The trial court had sustained a demurrer, granting judgment for the employer, a school district. The appellate court revived the plaintiff’s claim for failure to provide a reasonable accommodation.
The court acknowledged that it is likely the first to recognize Wi-Fi sickness as a disability under laws against discrimination. In fact, the court discussed contrary federal court authority, distinguishing those cases by concluding that the definition of “disability” in California’s Fair Employment and Housing Act (FEHA) is broader than in the Federal Americans with Disabilities Act.
Apart from the holding that Wi-Fi sickness is a disability under FEHA, California employers should take note of the facts alleged about the failure to provide a reasonable accommodation.

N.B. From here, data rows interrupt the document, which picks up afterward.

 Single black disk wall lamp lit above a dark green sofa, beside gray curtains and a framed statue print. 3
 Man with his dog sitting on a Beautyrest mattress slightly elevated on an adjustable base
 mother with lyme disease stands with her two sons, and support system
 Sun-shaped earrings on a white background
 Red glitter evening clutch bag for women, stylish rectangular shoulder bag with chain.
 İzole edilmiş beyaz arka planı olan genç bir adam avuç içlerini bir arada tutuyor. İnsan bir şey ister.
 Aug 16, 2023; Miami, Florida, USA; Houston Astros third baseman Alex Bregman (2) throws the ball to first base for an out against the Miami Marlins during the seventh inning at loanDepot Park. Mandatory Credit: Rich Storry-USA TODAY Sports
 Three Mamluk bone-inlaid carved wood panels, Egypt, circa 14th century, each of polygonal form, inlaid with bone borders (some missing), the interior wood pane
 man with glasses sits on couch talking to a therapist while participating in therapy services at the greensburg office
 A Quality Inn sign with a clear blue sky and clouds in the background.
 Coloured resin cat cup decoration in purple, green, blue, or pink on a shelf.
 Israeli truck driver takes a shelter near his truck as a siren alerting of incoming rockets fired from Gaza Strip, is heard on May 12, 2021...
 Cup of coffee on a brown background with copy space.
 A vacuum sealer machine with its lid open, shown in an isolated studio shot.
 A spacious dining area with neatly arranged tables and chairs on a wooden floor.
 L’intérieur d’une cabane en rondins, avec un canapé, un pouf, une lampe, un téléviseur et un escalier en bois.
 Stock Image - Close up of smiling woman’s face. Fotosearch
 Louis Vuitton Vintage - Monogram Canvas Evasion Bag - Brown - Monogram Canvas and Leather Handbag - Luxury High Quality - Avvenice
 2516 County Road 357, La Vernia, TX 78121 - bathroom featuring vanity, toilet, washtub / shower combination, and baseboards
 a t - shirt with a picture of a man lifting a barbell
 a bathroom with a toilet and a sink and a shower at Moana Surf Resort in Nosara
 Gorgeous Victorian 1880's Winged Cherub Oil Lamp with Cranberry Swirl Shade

After the school district installed a new Wi-Fi system, the plaintiff teacher complained of headaches and other symptoms caused by exposure to the pulsed, data-modulated, Radiofrequency Electromagnetic Microwave Radiation (RF-EMR) . The school district initially tried to accommodate the teacher by turning off the Wi-Fi in her classroom and an adjacent one. The teacher said that her symptoms persisted and asked for additional accommodations. By that point, the school district’s consultant had reported that the Wi-Fi and radio frequencies at the school “evidenced a safe and non-hazardous working environment.” Based on that report, the school district did not grant any further accommodation, and the teacher sued.
In his concurring opinion, Justice Wiley expressed reluctance “about giving any sort of green light to this unprecedented and unorthodox disability claim.” But that’s exactly what the court did.